_WHAT NEEDS TO BE DONE:_
If a line in the data contains "Picture", copy it out.
[RECORDS TO PROCESS]
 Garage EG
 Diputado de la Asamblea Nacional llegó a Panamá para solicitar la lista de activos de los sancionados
[/RECORDS TO PROCESS]
[RECORDS TO PROCESS]
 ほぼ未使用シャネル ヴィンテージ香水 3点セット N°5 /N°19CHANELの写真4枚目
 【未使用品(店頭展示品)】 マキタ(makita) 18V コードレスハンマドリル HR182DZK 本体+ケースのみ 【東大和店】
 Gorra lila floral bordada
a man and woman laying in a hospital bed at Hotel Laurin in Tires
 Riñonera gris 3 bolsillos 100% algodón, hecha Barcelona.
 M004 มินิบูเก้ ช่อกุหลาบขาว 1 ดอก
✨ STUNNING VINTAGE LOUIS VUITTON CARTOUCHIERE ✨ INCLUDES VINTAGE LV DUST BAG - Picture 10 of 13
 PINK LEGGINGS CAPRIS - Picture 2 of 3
[/RECORDS TO PROCESS]
[RECORDS TO PROCESS]
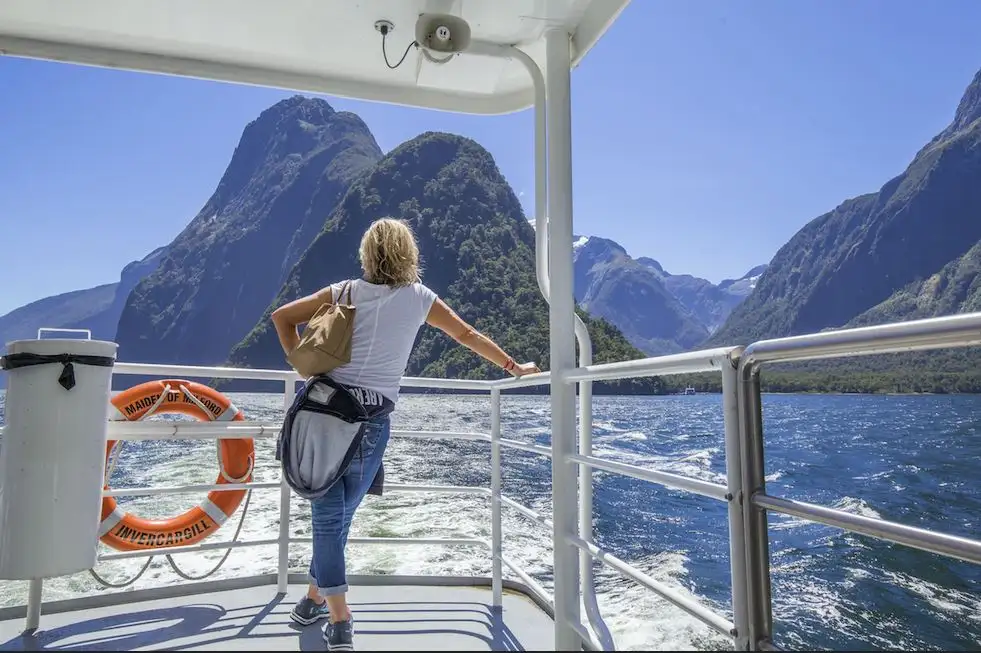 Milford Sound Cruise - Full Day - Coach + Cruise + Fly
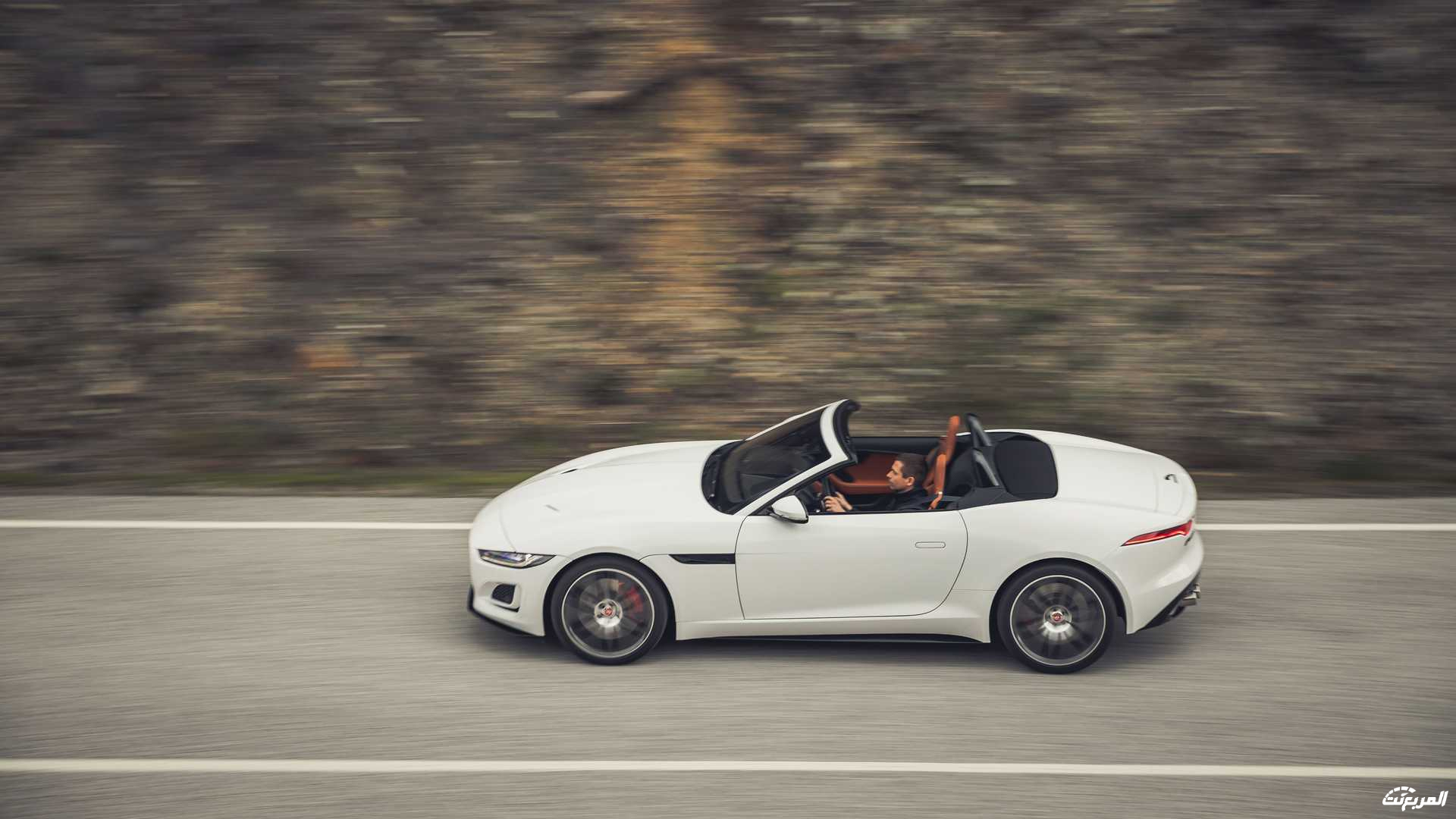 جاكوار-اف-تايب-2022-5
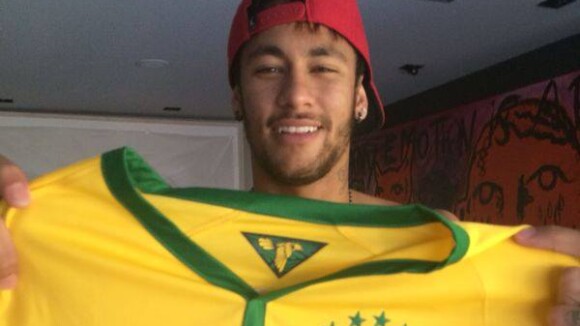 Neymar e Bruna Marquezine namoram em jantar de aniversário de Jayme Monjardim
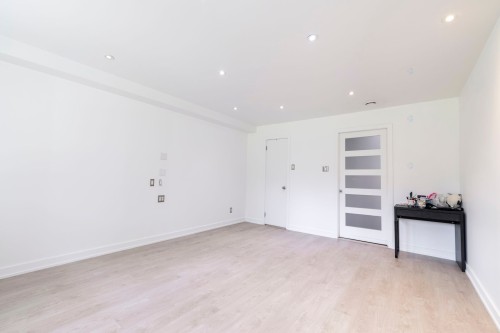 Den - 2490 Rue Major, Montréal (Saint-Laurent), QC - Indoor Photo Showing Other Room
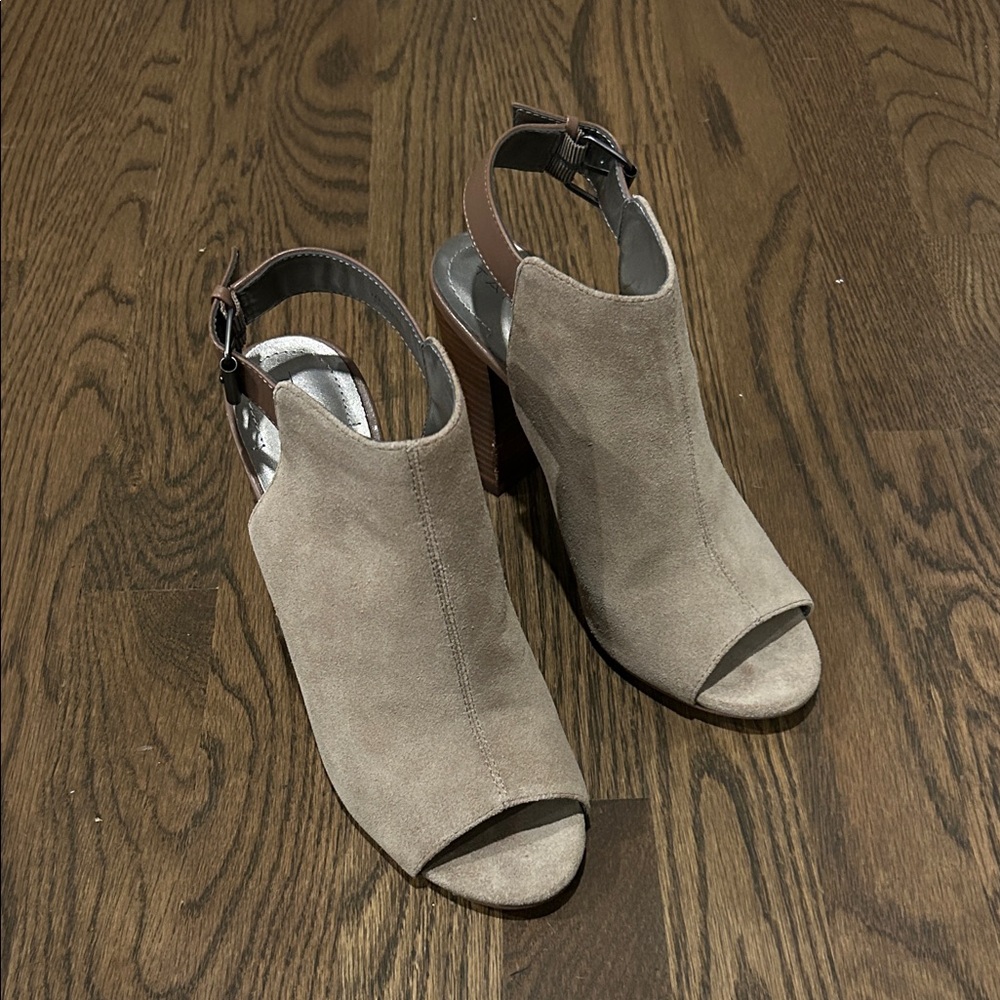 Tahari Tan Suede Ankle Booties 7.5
[/RECORDS TO PROCESS]
_EXPECTED ANSWER:_
✨ STUNNING VINTAGE LOUIS VUITTON CARTOUCHIERE ✨ INCLUDES VINTAGE LV DUST BAG - Picture 10 of 13
 PINK LEGGINGS CAPRIS - Picture 2 of 3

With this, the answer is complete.